October 8, 2007

Touching my info (part II) – Microsoft responds (after a fashion)

Posted in Customer Lack of Service at 3:09 pm by loolar

Mike Torres, a Microsoft employee (and, in the interest of disclosure, my brother-in-law), commented on my last post.  From Mike’s comment (emphasis mine):
“there aren’t a bunch of evil people running around the halls wondering how we can get people to give us information so we can lock it in a vault. It’s actually quite the opposite. Windows Live Spaces is actually a leader when it comes to freedom of information sharing…”

I wouldn’t be against them “locking my personal information in a vault” – my problem is with the “freedom of information sharing;” specifically, freely selling my valid email address.

Admittedly, I’m being a bit snarky with your comment.

However, on a more serious note:  While I doubt Microsoft is doing this (mostly because they would not get away with it for long), here’s the trouble:

As Microsoft creates this “barrier for entry” (even if for understandable reasons), and the public culture accepts it, it opens up the floodgates, by way of example, for other less scrupulous companies to use this method – as I suspect many of them do – to harvest information for their own annoying purposes (junk mail, “special offers,” etc.), or, more dastardly, to sell it to third parties.  Anyone who’s ever looked into spamming knows that it starts with a service selling, “verified addresses – guaranteed!”

Basically, if we come to expect that we must enter our name and email to use something, sooner or later, less-savvy net users (the same people who must be told over and over again not to open .exe files from strangers) are going to blithely and blindly continue to do so even if the website isn’t something as, er, ahem, “reputable” as say, Microsoft.  It’s a bad example to set.

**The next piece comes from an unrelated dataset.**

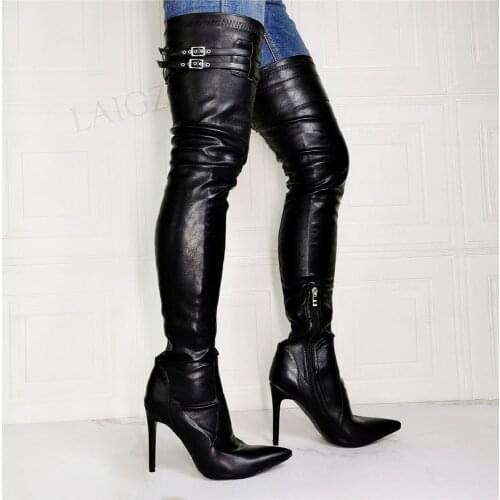 BERZIMER Women Thigh High Boots Faux Leather Side Zip High Heels Pointy Toe Boots Ladies Party Shoes Woman Big Size 44 45 46 47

And while spam is annoying, I am never in favor of trading my privacy for security (to mangle the famous quote usually, and apparently, incorrectly attributed to Ben Franklin: “Anyone who trades liberty for security deserves neither liberty nor security.”).

Again, I think a set of (user-selected) rules that puts the onus on the blogger to moderate things that violate those rules is the best solution.  Lazy people can always check off all the rules.  Anything else is just suspicious, invasive, and annoying.


  1. Mike Torres said,

    We’ll have to discuss in person 🙂

    “Lazy people can always check off all the rules.”

    That’s the problem in a nutshell. Lazy people DON’T check off anything. To maintain the quality of the service, the service provider has to make it work out of the box so to speak. Otherwise the service becomes spam infested and it degrades for *everyone*.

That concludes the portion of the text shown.